Noone can play for points in these games - because there are no sorts of points - just like it is in the tabletop-edition of Diplomacy.
I'm aware that the issue with this solution is that most of the Members here do like points (whether they admit it or not). In fact this option is barely considered and there aren't many Unrated stand-alone games around.
This is very likely because most of players here do love being rated. And this is again for different reasons... pleasure in checking one's progresses the HoFs... in hoarding D & V points... in having a great Won+Drawn percentage, just to make a few examples. Everyone got his own rating-goals. In short: rating-systems add a considerable amount of fun for many players, although basically everybody know they don't - and they will never - reflect the real skill of a player.

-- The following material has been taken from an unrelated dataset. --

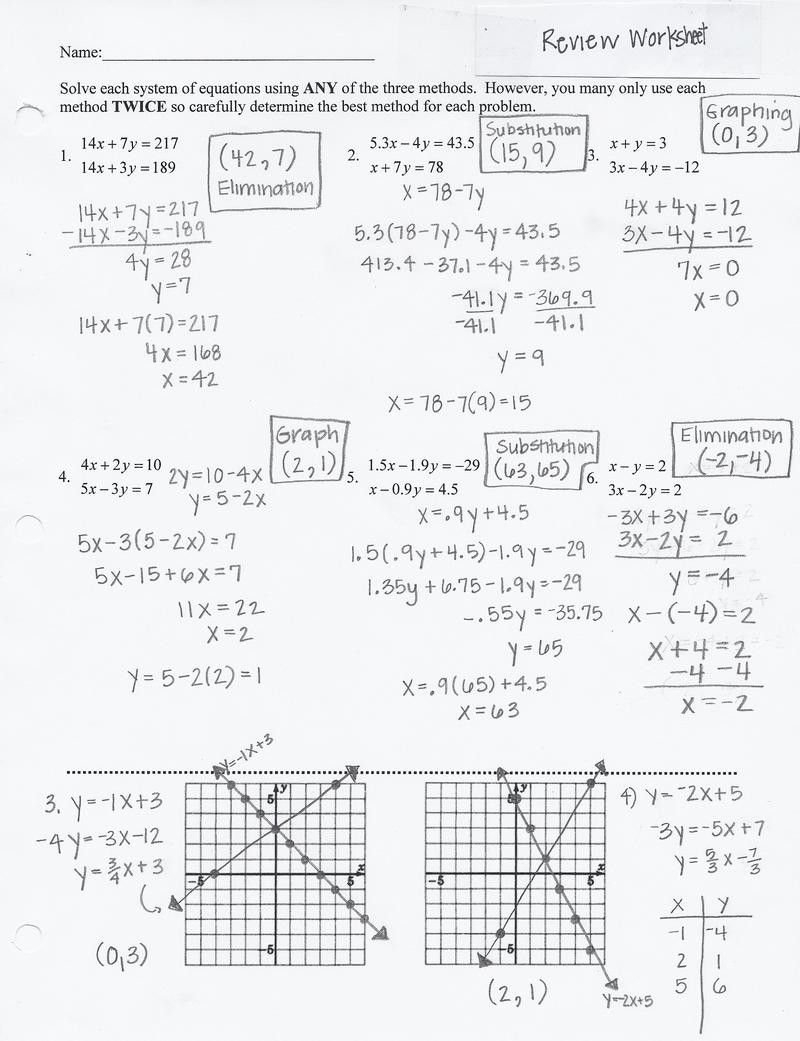 Algebra 1 Slope Worksheet  Briefencounters As Well As Parallel And Perpendicular Lines Worksheet Algebra 1 Answers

Hence so many players do love points. Maybe *almost all* players love points, just with different degrees or awareness.
If most of our fellow Members didn't love points and ratings, then Unrated would be the most popular Pot-type by now. Oh yes it would.

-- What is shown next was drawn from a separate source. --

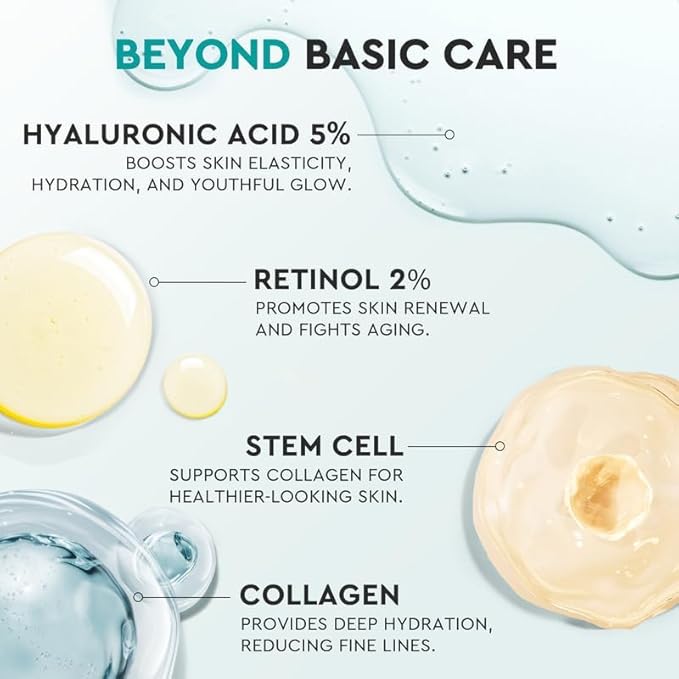 Elvira Retinol Anti Aging Face Moisturizer- Collagen Cream With Stem Cell & Hyaluronic Acid, Instant Face Lift Cream for Skin Tightening and Firming, Wrinkle Smoother for Women & Men, 1.85 Fl Oz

Every player is free to play whatever game the way he deems right, but:
Unrated games: you should expect most of players not playing for points.
Rated games: you should expect most of players playing for the rating. That is to say playing for Personal Stats, for V-Points or for D-Points, according to each one's favourite rating system(s).
The last thing you should expect in an online game is all players playing the same gamestyle. Everyone has their own vision of the game, depending on several things, from the obvious different levels of experience, skills and free time available, through the "online-experience", up the the different reasons that brought each one of us to join a site like this.
You add to that the different preferences and different visions on the 3 rating systems everyone got, and you can forget you know what gamestyle your opponents might have. Being able to discover it is one of the skills online-diplomacy requires, although it's not one of the most important skills, being it often helpful but rarely decisive.
This skill requires efforts; complain you did badly because someone else didn't play according to your vision requires much less.
Some say this is not how it *should be*, but there's an inescapable reason why this is how it *is*.
It's because you can't rate a game - anyhow you do it - and still expect players to play it like it was unrated.
In other words, you can't at one time add a new rule - I.E. a rating system - and expect that players will simply ignore that rule.
A rating system *should be* a tool for observation of an event - the game - in order to put it in relation with other games. But also, it inevitably becomes part of the observed event. It is a thing you add to the event.
Since a rating system *is* part of an event, it alters that event. I guess you know, YCHTT, that's why you wrote what I quoted, right?
So D-points, V-points, Personal-Stats and any tool you might use to create rating systems will always alter some players' behaviour in comparison to a game that's not related to anything and therefore has no alterations.
Mm? Otherwise why would some some of us be so worried about which names are given to the Personal Stats' result-types? Look: You change one name only -> you change the PS rating system -> you change the object(s) of the games -> you change players' gamestyle. That's what happens if you change one name. It's like you change the way a Pot-type work in the other 2 systems.
And I'd add: -> you have created a new variant.
The ones we got here have now become typical *alterations*. We could even call them "classic" alterations, since they've been online by now for almost a decade - which is an eon both on the world wide web and in modern RL - and thousands players learnt how to handle them here, on WD.com, on FBdip, on WD.it, on WD.es and on who knows how many other sites that use the WTA/PPSC pot-types.
They're so classic and so old, that some crazy veteran-online-players are wondering whether they still have to be the only available two and ask for new challenging Pot-types.
That's all YCHTT, thanks for reading my point of view on the matter of points in online-diplomacy.
_______________
tl;dr:
If you want to play a game on this online-edition but you don't want the typical gamestyle-alterations from the rating systems (eg: people who play for points), then choosing Unrated games might be a good idea.
Thank Oli, among the other 1000 we have this option too.